> **DIRECTIONS**
What you print should match the entries exactly, only without the pictures.

> **INPUT MATERIAL**

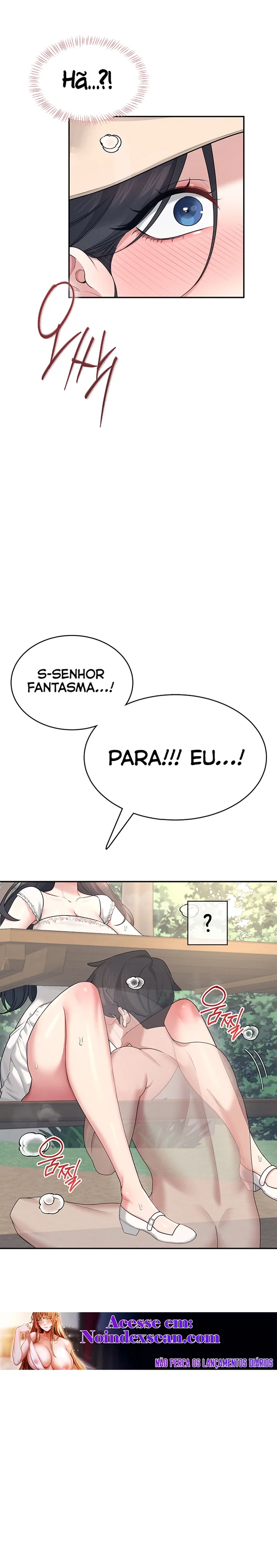 Read Wireless Onahole PT-BR Manga Online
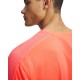 Under Armour T-Shirt Running Velociti Reflective Electric Tangerine Reflecti Uomo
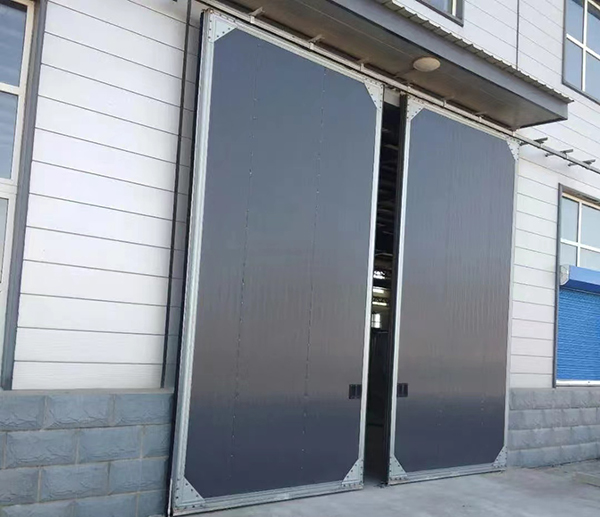 府谷工业推拉门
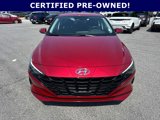 Certified 2023 Hyundai Elantra SEL w/ Convenience Package image 2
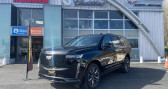 Cadillac ESCALADE occasion année 2023 boite Automatique Annonce Cadillac ESCALADE occasion Essence Sport Platinium 6.2 V8 à Ballainvilliers
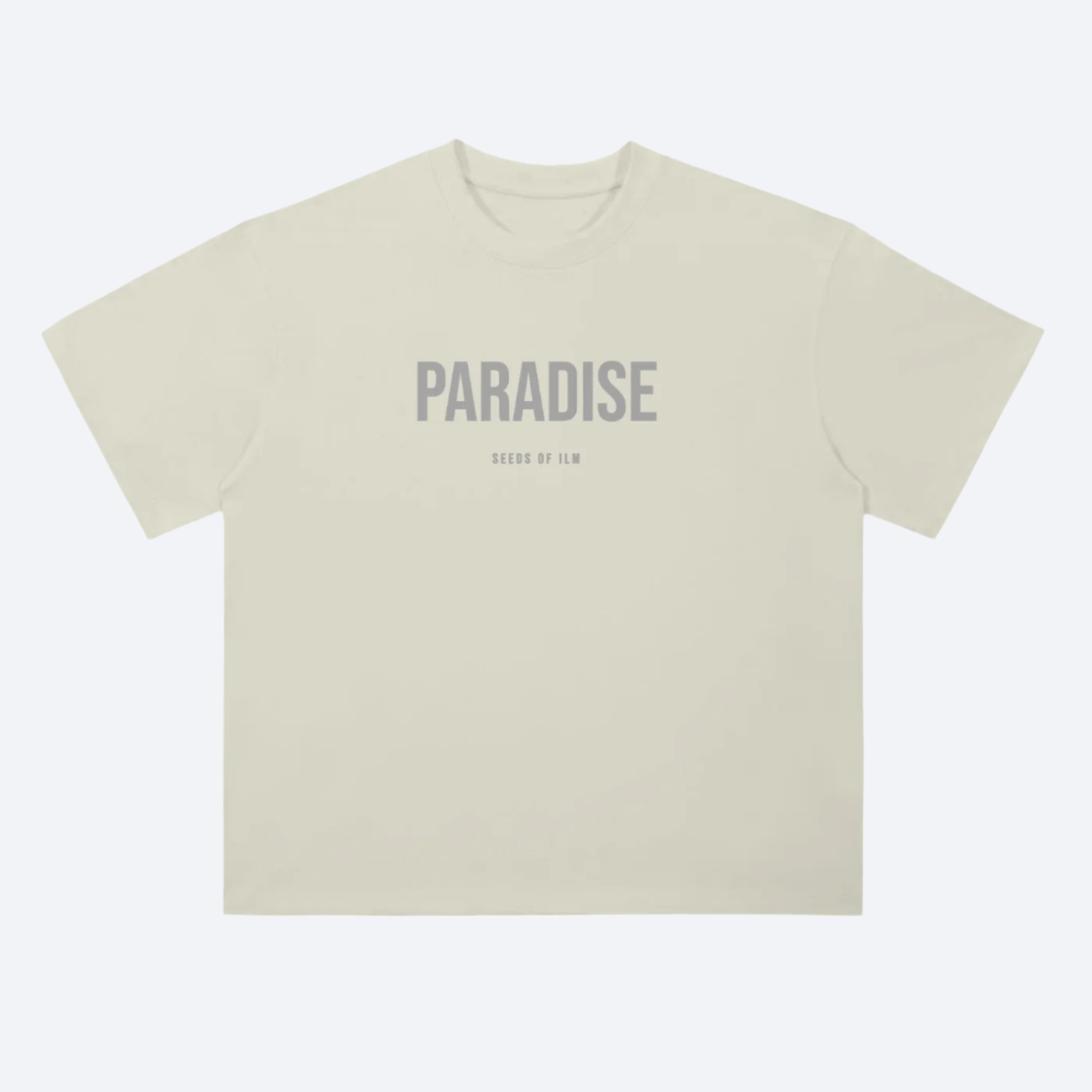 PARADISE OVERSIZED - TEE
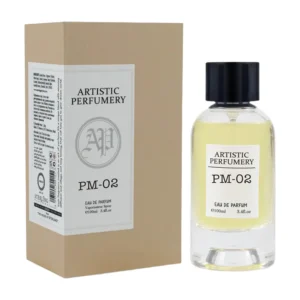 Perfume Artistic Perfumery PM-02- EDP- 100ml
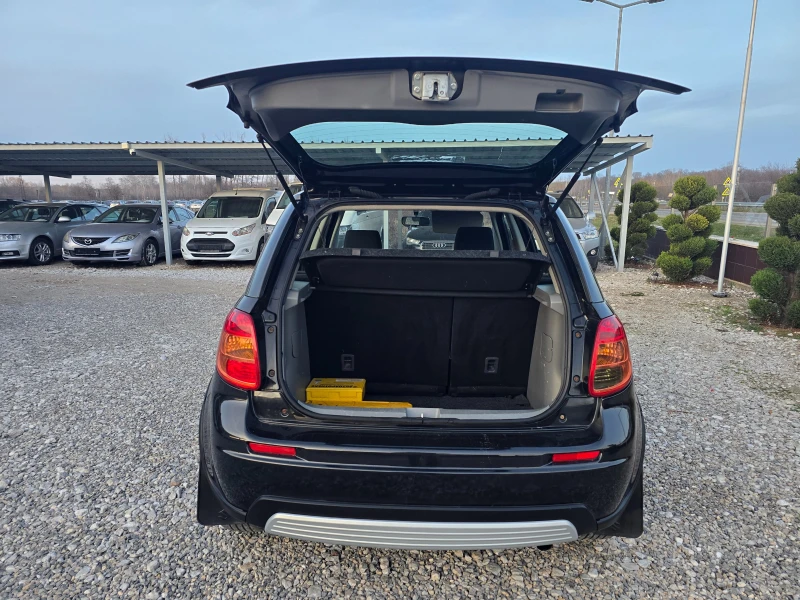 Suzuki SX4 1, 9 DDIS КЛИМТИК !! НОВ ВНОС !!! , снимка 15 - Автомобили и джипове - 52895965
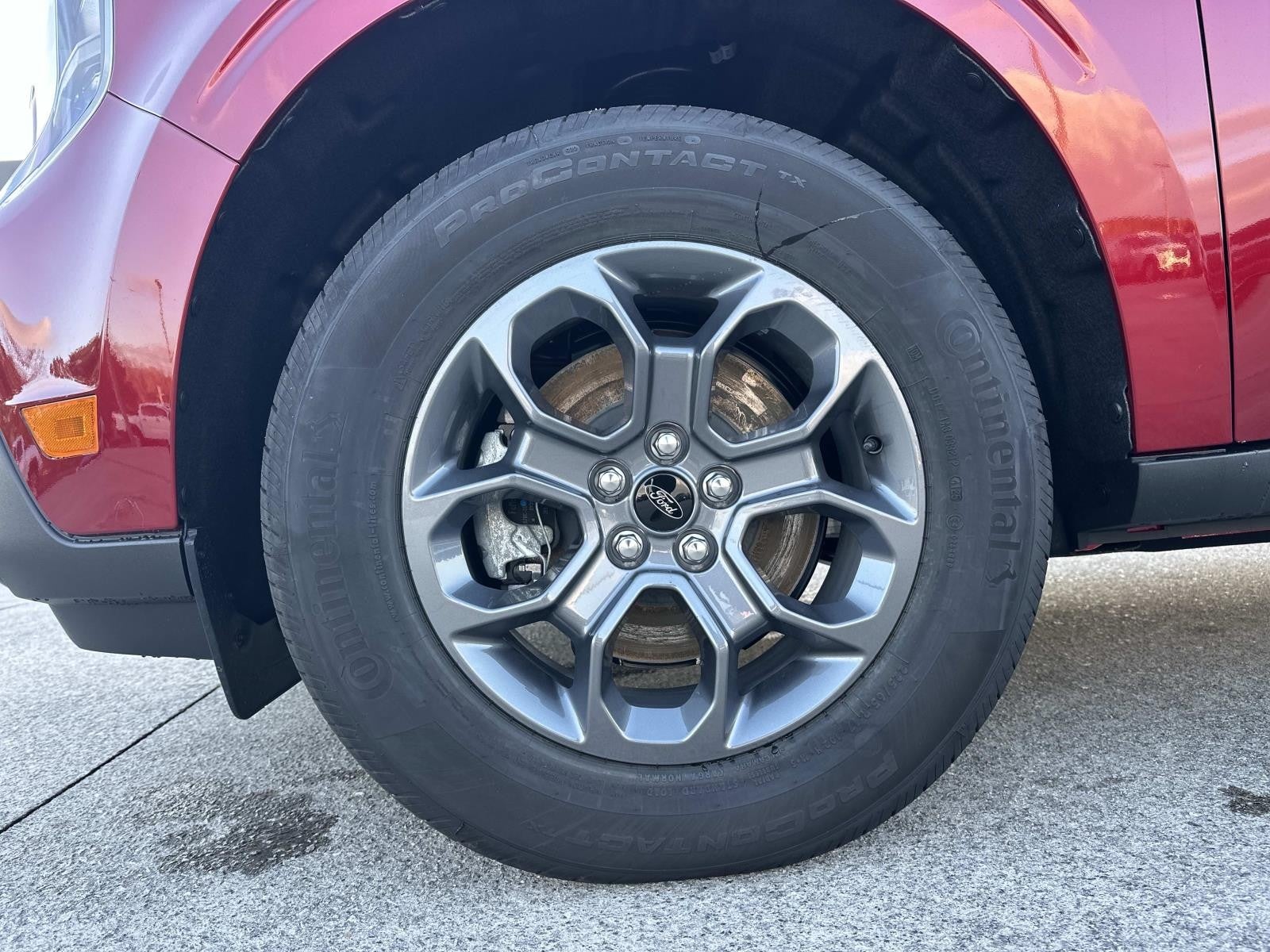 2025 Ford Maverick XLT FWD SUPERCREW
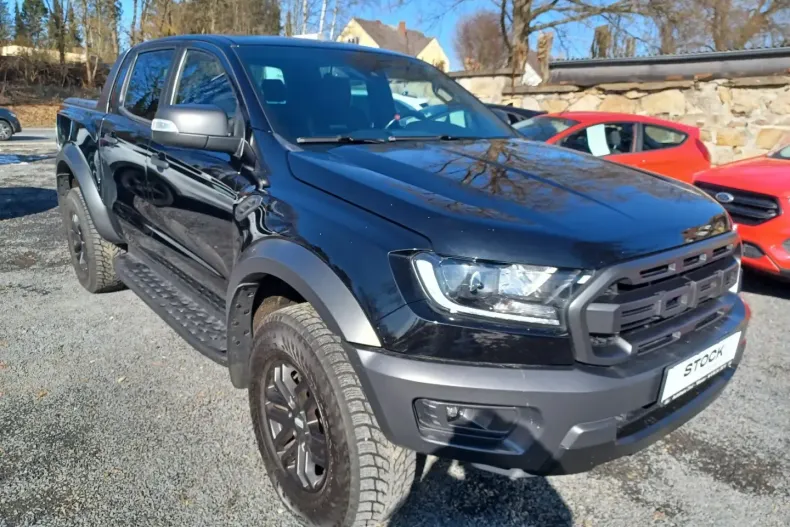 Ford Raptor din 2022 cu 46.350 km - oferta FOR194116 - foto 3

> **ANSWER TO THIS EXERCISE**
 Read Wireless Onahole PT-BR Manga Online
 Under Armour T-Shirt Running Velociti Reflective Electric Tangerine Reflecti Uomo
 府谷工业推拉门
 Certified 2023 Hyundai Elantra SEL w/ Convenience Package image 2
 Cadillac ESCALADE occasion année 2023 boite Automatique Annonce Cadillac ESCALADE occasion Essence Sport Platinium 6.2 V8 à Ballainvilliers
 PARADISE OVERSIZED - TEE
 Perfume Artistic Perfumery PM-02- EDP- 100ml
 Suzuki SX4 1, 9 DDIS КЛИМТИК !! НОВ ВНОС !!! , снимка 15 - Автомобили и джипове - 52895965
 2025 Ford Maverick XLT FWD SUPERCREW
 Ford Raptor din 2022 cu 46.350 km - oferta FOR194116 - foto 3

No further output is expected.